Thursday, November 22, 2012

Andy Smarick on School Improvement

STOP THE PRESSES! The biggest debate within the ed reform community is a massively important one: namely, what is the best way to achieve our objective of providing a quality education to every child, especially those trapped in failing schools? Is the best solution to try to improve these schools, or to replace them? Here’s Andy Smarick with an article about powerful new evidence (on top of vast previous evidence) that the former is almost completely ineffective, no matter how much money is spent, so let’s focus on the latter:

When I get a call from a reporter on a Friday, it typically means that a government agency is trying to dump bad news.  When I get a call from a reporter on the Friday before Thanksgiving week, I know that a government agency is trying to dump really bad news.
And so it is with the U.S. Department of Education’s quiet release of results from the first year of the massive School Improvement Grant (SIG) program. (See Alyson Klein’s Ed Week coverage.)
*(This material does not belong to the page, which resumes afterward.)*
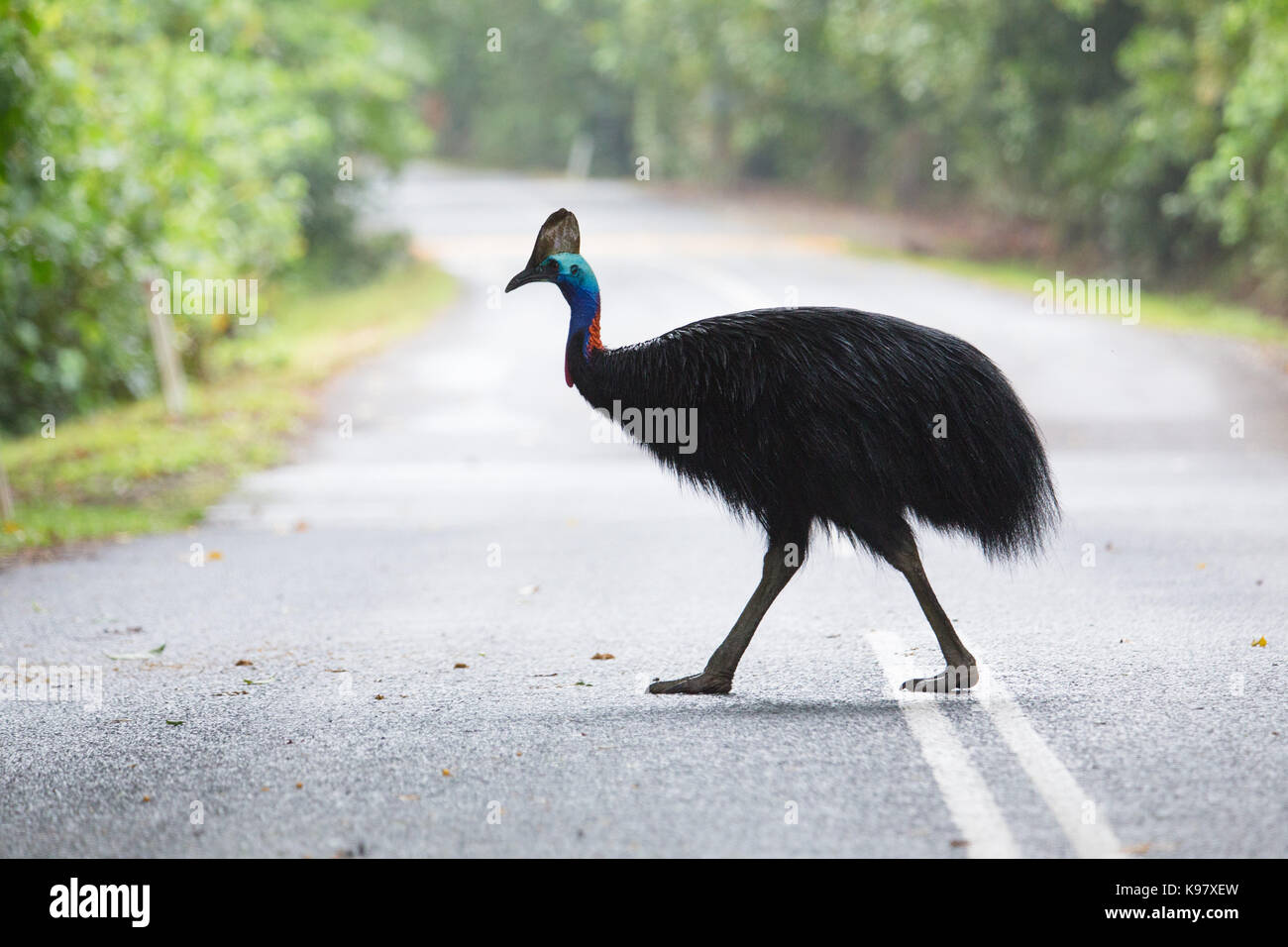 Casuario meridionale (Casuarius casuarius) attraversando una strada nel Parco Nazionale Daintree, Queensland Foto Stock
The headline is simple: The feds spent several BILLION dollars and got terribly disappointing results—but, tragically, the results are predictable to anyone familiar with the history of “turnarounds.”

Almost three years ago, in an article for Education Next called “The Turnaround Fallacy”, I detailed how and why previous turnaround efforts failed so consistently and predicted that future efforts would amount to the same. Chapter 4 of my new book, The Urban School System of the Future, extends that argument with even more evidence.

It’s not just me. Tom Loveless’s 2009 Brown Center Report showed the dramatic failure of turnaround efforts over 20 years, and David Stuit’s remarkable and devastating 2010 study powerfully reinforced these findings.

Now the Department, doing its job, is trying to paint the new data as a good-news story. But that clearly belies the data. No amount of lipstick-gussying can change the facts.
…So we sent BILLIONS of dollars into deeply troubled districts, which then funneled the money into deeply troubled schools. And according to this eye-opening CRPE study, the interventions were often of suspect seriousness and vigor. No wonder the SIG results are even more disappointing than those generated by decades of previous turnaround attempts.
Now we face a fork in the road.

PS—Here’s a quote from Smarick’s new book, The Urban School System of the Future (

"Unfortunately, efforts to fix long-broken schools simply don’t work like we need them to. The evidence shows forcefully that turning around failing schools is not a scalable strategy for improving urban systems. Moreover, by putting so much of our energy into preserving failing schools, we have actually impeded the development of other activities central to the healthy management of our portfolio of schools."